→ **TASK GOAL**
For this exercise, copy exactly every line from the one holding "Grand Strand Airport" through the end of the data, both included. Omit pictures.
Start of SUPPLIED MATERIAL
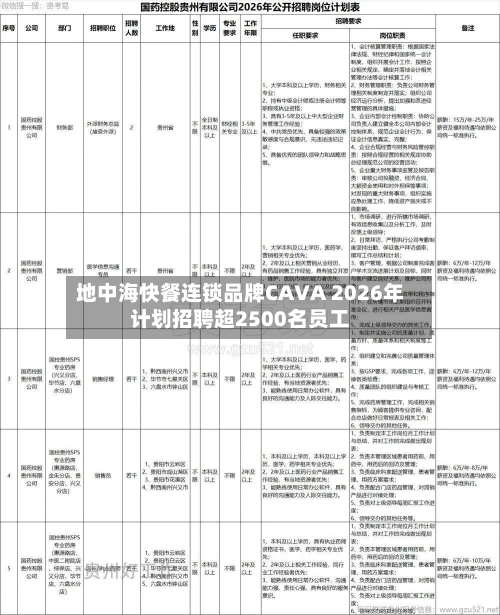 地中海快餐连锁品牌CAVA 2026年计划招聘超2500名员工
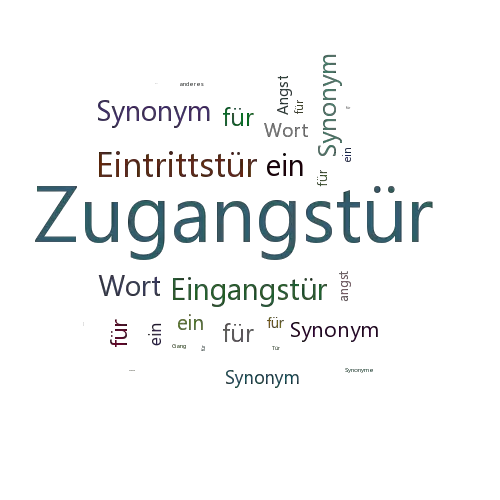Ein anderes Wort für Zugangstür - Synonym Zugangstür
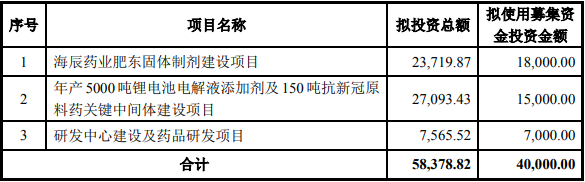 电解液周报丨抢滩锂电添加剂赛道：新冠药企入局！华盛锂电/新宙邦加码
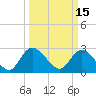 Grand Strand Airport ICW tide chart for Tuesday, March 15, 2022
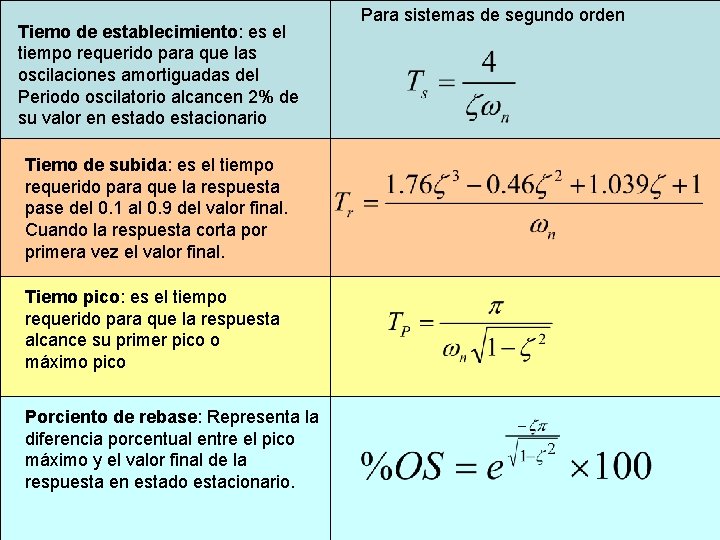 Tiemo de establecimiento: es el tiempo requerido para que las oscilaciones amortiguadas del Periodo Tiemo de establecimiento: es el tiempo requerido para que las oscilaciones amortiguadas del Periodo
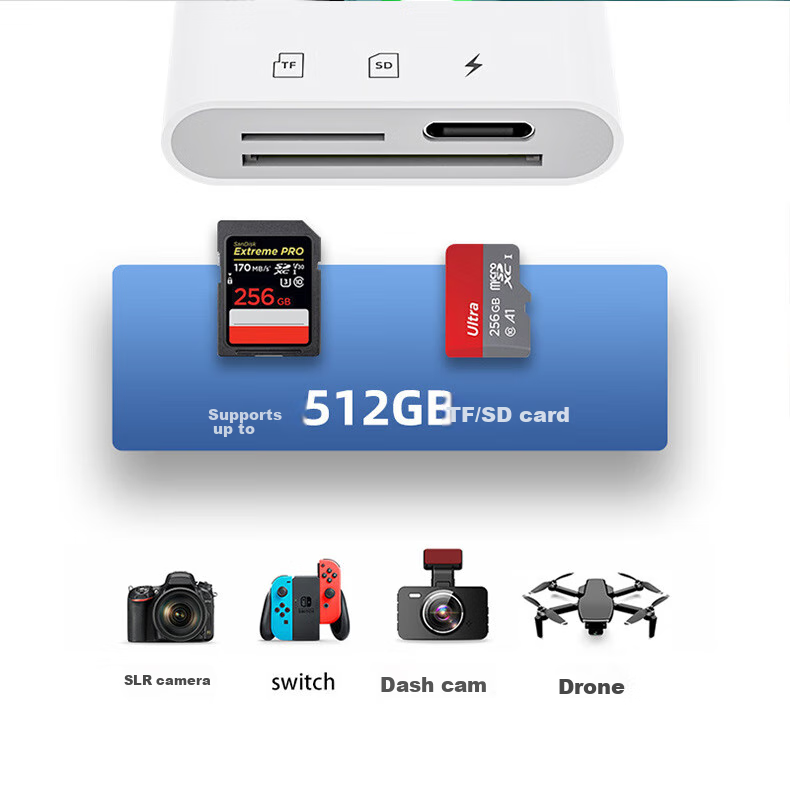 LinkStone Apple Phone OTG Card Reader SD/TF Memory Card Lightning Charging Three-In Card Reader Adapter for IPhone13/14/iPad DSLR Camera Storage Card 3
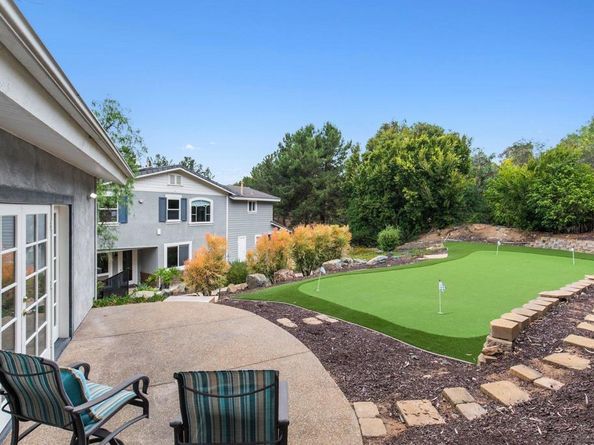 521 Latigo Row, Encinitas CA 92024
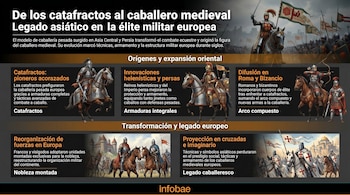 Infografía sobre la evolución de la caballería pesada. Muestra guerreros antiguos con armaduras a caballo y caballeros medievales en combate.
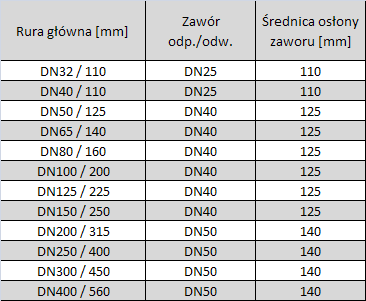 Złącze odpowietrzenia/odwodnienia elektrycznie zgrzewane.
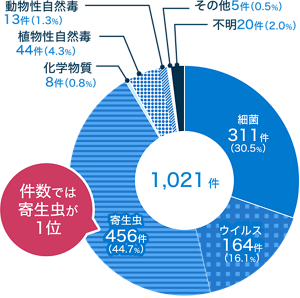 2023年の食中毒事件数を表した円グラフ。総件数:1021件。細菌:311件(30.4%)。ウイルス:164件(16%)。寄生虫:456件(44.6%)。化学物質:8件(0.7%)。植物性自然毒:44件(4.3%)。動物性自然毒:13件(1.2%)。 件数では寄生虫が1位。
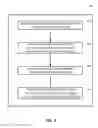 Fig. 05 - Systems and methods for programming data to storage devices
End of SUPPLIED MATERIAL
→ **ANSWER TO THIS PROBLEM**
 Grand Strand Airport ICW tide chart for Tuesday, March 15, 2022
 Tiemo de establecimiento: es el tiempo requerido para que las oscilaciones amortiguadas del Periodo Tiemo de establecimiento: es el tiempo requerido para que las oscilaciones amortiguadas del Periodo
 LinkStone Apple Phone OTG Card Reader SD/TF Memory Card Lightning Charging Three-In Card Reader Adapter for IPhone13/14/iPad DSLR Camera Storage Card 3
 521 Latigo Row, Encinitas CA 92024
 Infografía sobre la evolución de la caballería pesada. Muestra guerreros antiguos con armaduras a caballo y caballeros medievales en combate.
 Złącze odpowietrzenia/odwodnienia elektrycznie zgrzewane.
 2023年の食中毒事件数を表した円グラフ。総件数:1021件。細菌:311件(30.4%)。ウイルス:164件(16%)。寄生虫:456件(44.6%)。化学物質:8件(0.7%)。植物性自然毒:44件(4.3%)。動物性自然毒:13件(1.2%)。 件数では寄生虫が1位。
 Fig. 05 - Systems and methods for programming data to storage devices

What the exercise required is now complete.